> [PROBLEM TO WORK ON]: A faithful copy is needed of the lines below from the one with "8D513W03SN QRCode" up to and including the one with "Bicycle Multi Degreaser 20oz image number 0"; set it down with no pictures and no other lines.

** Opening DATA LISTING block **

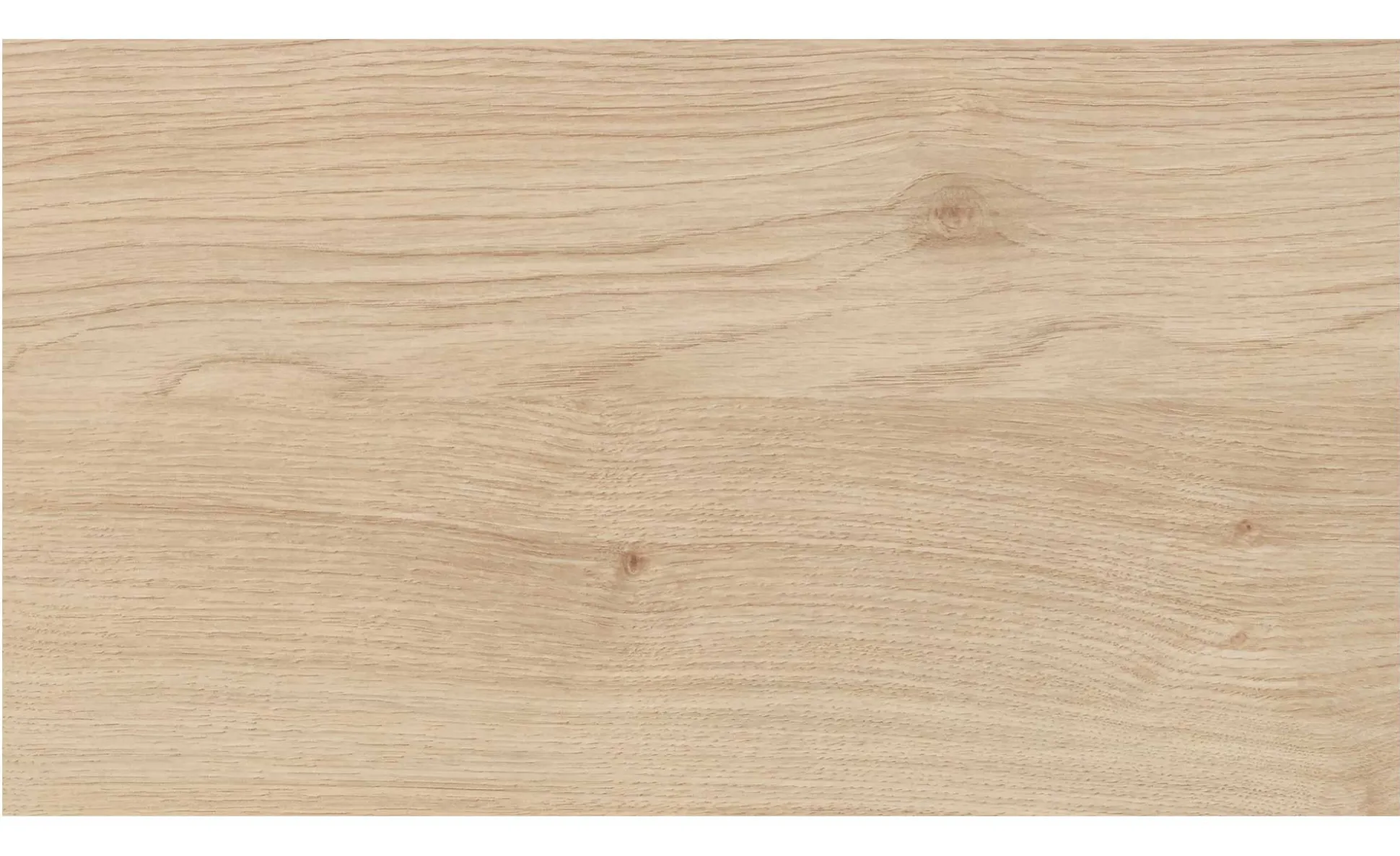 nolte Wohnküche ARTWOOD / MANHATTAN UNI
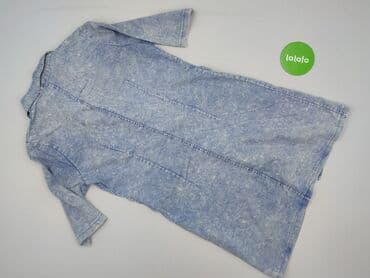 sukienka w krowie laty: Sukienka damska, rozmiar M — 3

** Closing DATA LISTING block **
** Opening DATA LISTING block **

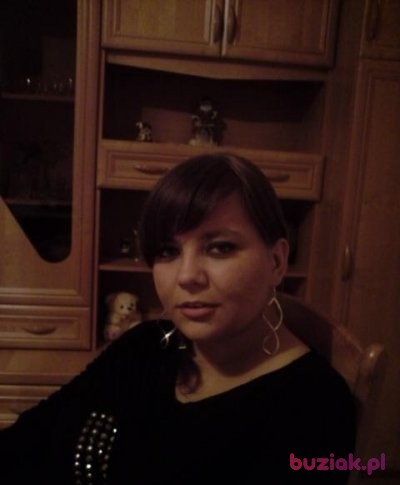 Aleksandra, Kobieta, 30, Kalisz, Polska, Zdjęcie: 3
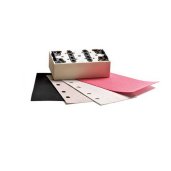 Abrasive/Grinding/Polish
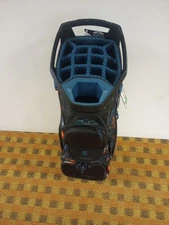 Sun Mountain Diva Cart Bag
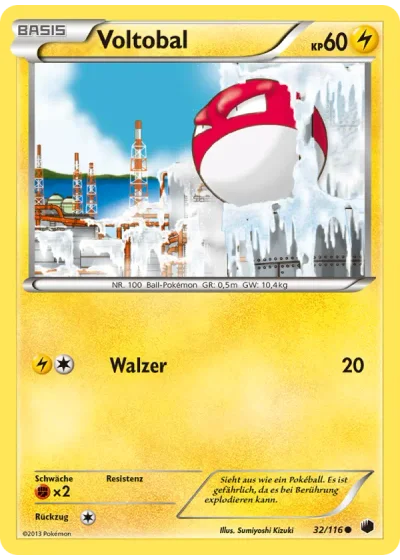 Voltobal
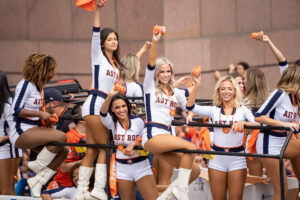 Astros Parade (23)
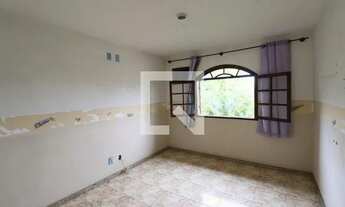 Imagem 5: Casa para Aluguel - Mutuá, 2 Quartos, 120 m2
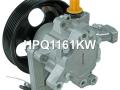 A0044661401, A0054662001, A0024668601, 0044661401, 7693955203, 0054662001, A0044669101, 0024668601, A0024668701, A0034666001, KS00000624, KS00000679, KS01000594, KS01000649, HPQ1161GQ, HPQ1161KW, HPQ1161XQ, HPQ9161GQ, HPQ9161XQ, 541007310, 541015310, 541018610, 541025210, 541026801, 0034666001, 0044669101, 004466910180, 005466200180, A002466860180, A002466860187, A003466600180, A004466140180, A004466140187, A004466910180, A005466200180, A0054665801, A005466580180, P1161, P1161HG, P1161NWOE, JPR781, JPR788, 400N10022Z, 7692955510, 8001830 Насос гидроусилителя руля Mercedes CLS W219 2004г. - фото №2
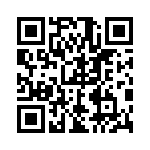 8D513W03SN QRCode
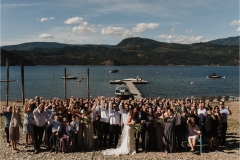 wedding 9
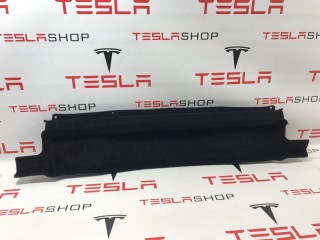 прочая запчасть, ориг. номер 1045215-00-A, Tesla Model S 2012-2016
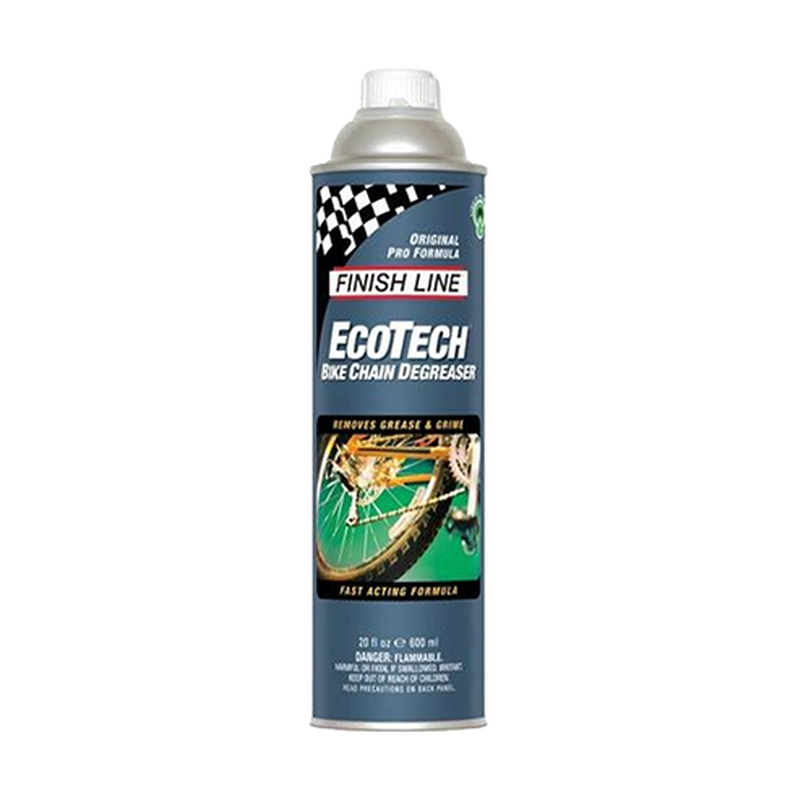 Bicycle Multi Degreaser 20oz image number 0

** Closing DATA LISTING block **

> [EXERCISE SOLUTION]:
 8D513W03SN QRCode
 wedding 9
 прочая запчасть, ориг. номер 1045215-00-A, Tesla Model S 2012-2016
 Bicycle Multi Degreaser 20oz image number 0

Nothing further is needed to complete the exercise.